Issue #151: Matzo Brei
The Question of Jewish Cuisine, An Annual Breakfast Treat, Some Thoughts on Passover 5784
Whether there is any coherent system or cuisine that unifies the notion of “Jewish food” is a longstanding debate. The laws of kashrut in Leviticus proscribe many things, but they offer no recipes. There is little to say what can be eaten. Mostly, the decision about what to cook and eat is left to Jews living and worshipping wherever they happen to be. Thus, the food of Jewish communities around the world more closely resembles that of their neighbors than it does of the Jewish communities themselves.
The Jewish Holiday Table, a beautiful new cookbook by the Jewish Food Society written by Naama Shefi with Devra Ferst, is a testament to the global nature of Jewish food. With stories and recipes from around the Jewish diaspora, you see influences from Morocco, Persia, Mexico, Ethiopia, Turkey, Iraq, France, and more on these holiday tables. Full disclosure: I contributed a menu and recipes to the chapter on Rosh Hashana, influenced by my family’s somewhat less exotic trajectory from New Jersey to Toronto and back (with me) to New York. You can order the book here.

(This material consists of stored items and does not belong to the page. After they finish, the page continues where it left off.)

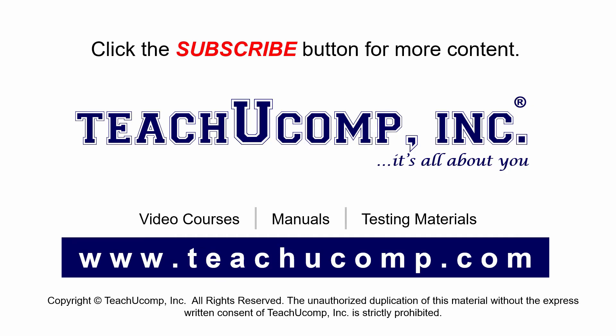Remember to click the subscribe button to see more of our videos. Get ad-free courses at teachucomp.com. Thank you to our viewers, and I hope you enjoyed it.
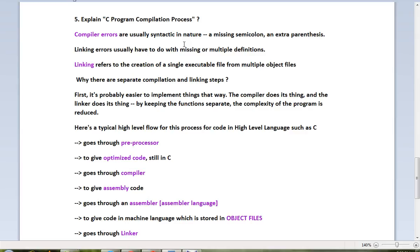Why are there separate compilation and linking steps? First, it's probably easier to implement things that way. The compiler does its thing, and the linker does its thing. By keeping these functions separate, the complexity of the program is reduced.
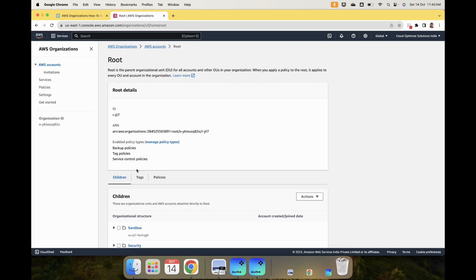I just wanted to show you how to create an AWS OU in an AWS organization. I hope this video is useful. Thanks for watching — let us continue our journey with AWS Organizations in the next video.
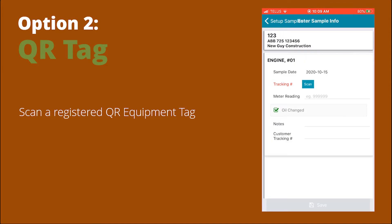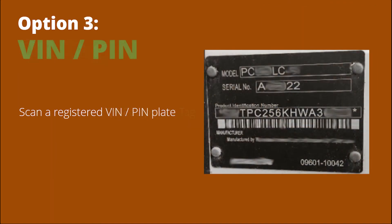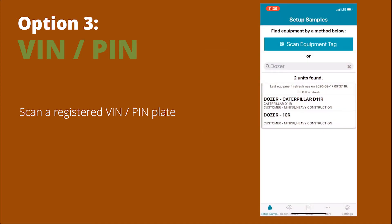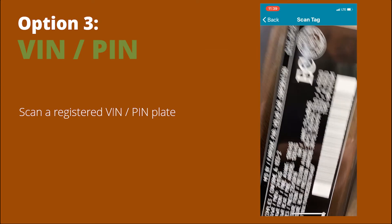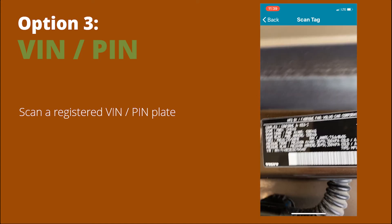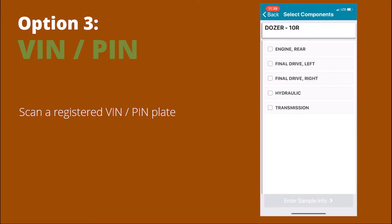Scan the tag and find your equipment. The third way is to scan using a registered VIN pinplate. Once again, go to Set Up Samples, then Scan Equipment Tag, and take a picture of the VIN or pinplate, and it'll take you directly to the equipment registered.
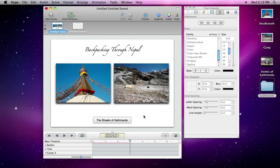With Hype, you'll quickly and easily create beautiful HTML5 animations and interactive sites.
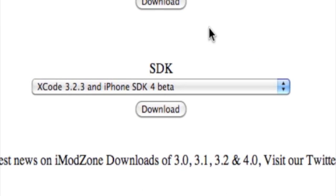SDK is Xcode 3.2.3 and iPhone SDK 4 beta. It's a program where you make your app for the iPhone, iPod Touch, or even the iPad. It has an interface builder where you put your icons and see how the app will look. You can click on simulate an iPhone or simulate an iPad, and it'll show you how your app looks on the device.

This time of year, during Passover, there is one recipe that Jews around the world share: matzo. Known as “the bread of affliction,” matzo is made simply from flour and water without yeast or other leavening to recall how the Jews escaping from Egypt had no time to let their bread rise. In a seminal graduate class at NYU, I recall the great Jewish food scholar, anthropologist, folklorist, and friend Barbara Kirshenblatt-Gimblett say there is only one recipe in the Bible, matzo, the rest is interpretation. Matzo plays a central role in the Seder, the ceremonial meal that begins the celebration, and it is the only “bread” observant Jews are allowed to eat during the eight days of the holiday.
If matzo is the only recipe in the Old Testament, you’d think there would be a recipe for matzo brei in the New Testament. It should come as no surprise that faced with eight days of eating dry crackers, for centuries Jews have also been looking for ways to doctor up matzo to make it more versatile, more palatable. Enter matzo brei.
Made with broken matzo moistened with water to soften it, matzo brei is like a cross between an omelet and pancake. Think of it as a tortilla or frittata. If matzo were leavened it might be a stratta or bread pudding. But the distinctive taste and texture of matzo makes matzo brei a unique thing unto itself. It is typically served for breakfast.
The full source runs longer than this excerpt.